Director Rob Baughman agreed money could be tough to find for the project and that the timeline might need to be extended. Director Travis Mobley expressed concerns about addressing erosion to the river banks. Director John Strate stated he was conflicted, but would hate to table the project completely as he believes the town may be interested in funding a good chunk. “I don’t want to throw away the money we’ve spent already by not finishing the project out. It feels like your kid is about to graduate college and drops out at the last semester,” Strate said. 

The Town of Meeker board of trustees and some members of the ERBM board will discuss the matter further at a joint meeting next Tuesday, Aug. 17, at Town Hall at 5:30 p.m. They will also discuss a letter of support for continued Ute Park trail expansion and potential issues with grazing on the property, as well as potential changes to a parks lease agreement.


The board then discussed replacing the pool’s HVAC system. According to Maintenance Manager Rodney Gerloff, the original unit was engineered improperly and is undersized, meaning it works at capacity 100% of the time and still cannot keep natatorium temperature/humidity levels stable or properly purge the air of chloramines. This creates uncomfortable conditions for patrons and staff, as well as potential structural damage due to high humidity.

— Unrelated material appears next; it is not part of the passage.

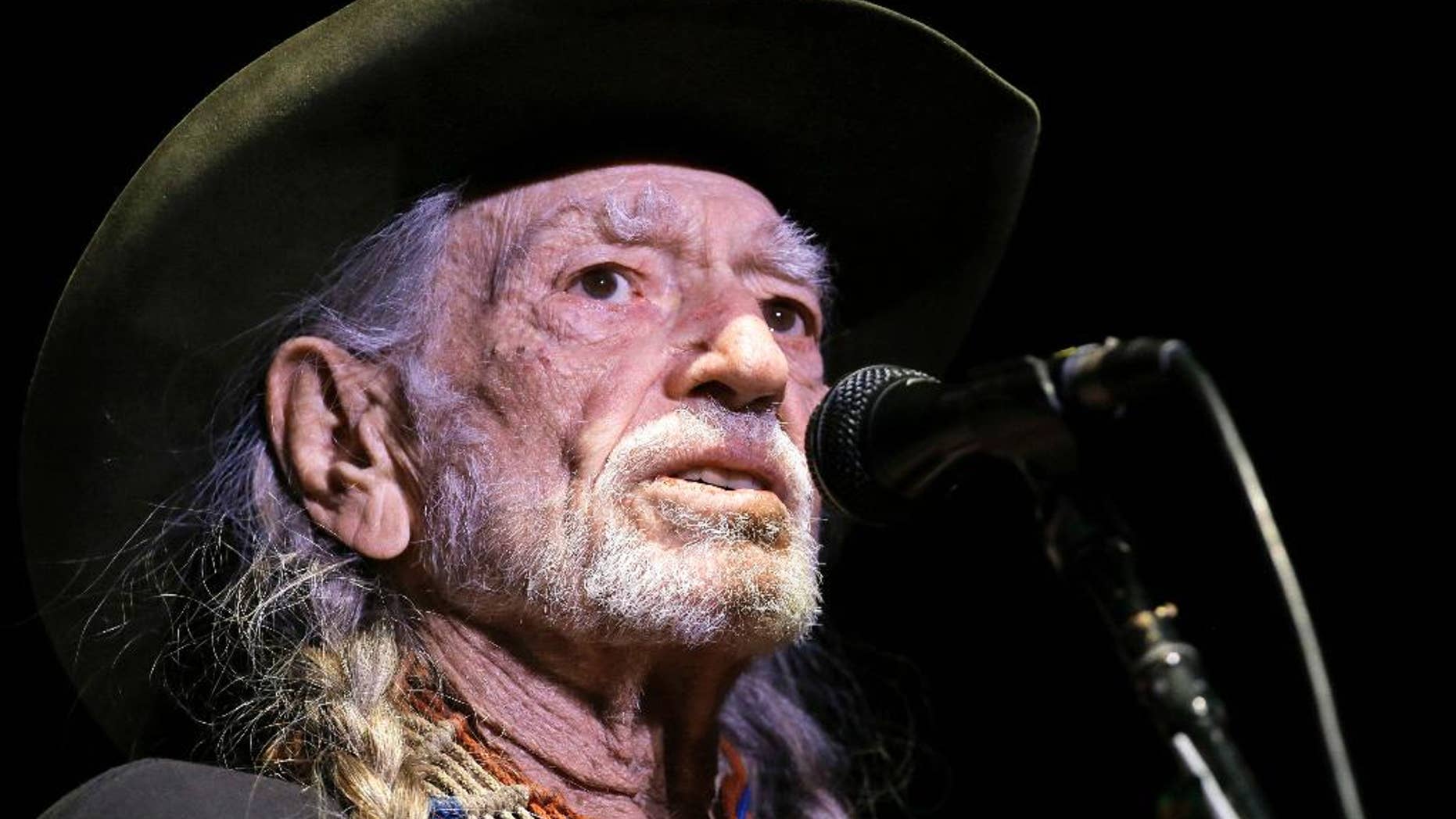 FILE - In this Jan. 7, 2017, file photo, Willie Nelson performs in Nashville, Tenn. Nelson's latest album, "God’s Problem Child," will be released on Friday, April 28. (AP Photo/Mark Humphrey, File)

The price tag on the replacement unit will be upwards of $800,000, according to Executive Director Sean VonRoenn, and the amount has not been scheduled in budget projections to-date. Manager Dondi Glasscock added, “we could face closures because the environment … guest services refunded lots of money and staff are also really struggling … this is a true operational consideration of infrastructure and there is no workaround. It’s a big deal.”

The board also discussed a soffit repair project as well as repainting the building exterior. Approximate cost will be $35,000.


Another ongoing capital improvement project at the recreation center is the installation of fiber and local area network infrastructure. Fiber will replace existing copper cat5 cables, which are beginning to degrade. PCs, phones, and other hardware will also be replaced. The project is approximately $15,000 over budget at $180,000, according to VonRoenn. Glasscock stated they were thankful the project could be completed at all after many supply chain issues and delays due to COVID. “We feel very fortunate to have the county’s head IT person (Trevor Nielsen) in charge … it’s a time sensitive thing and the window of options is closing rapidly.”

Final installation will require a seven-day closure, which is tentatively scheduled for the annual shutdown next year.

The board did not take any official action. At the close of the meeting, the board thanked staff for their input. “We’re listening,” Walter said. Chinn reiterated, “think about staff and the messages we’re sending them . .. how much do you want to spend on other things and ask them to pinch pennies?”

Chinn then shared a bit of good news with the board–the Meeker Marlins swim team broke a state record and brought home a state trophy, and Shelly Rogers was named Coach of the Year for a second time.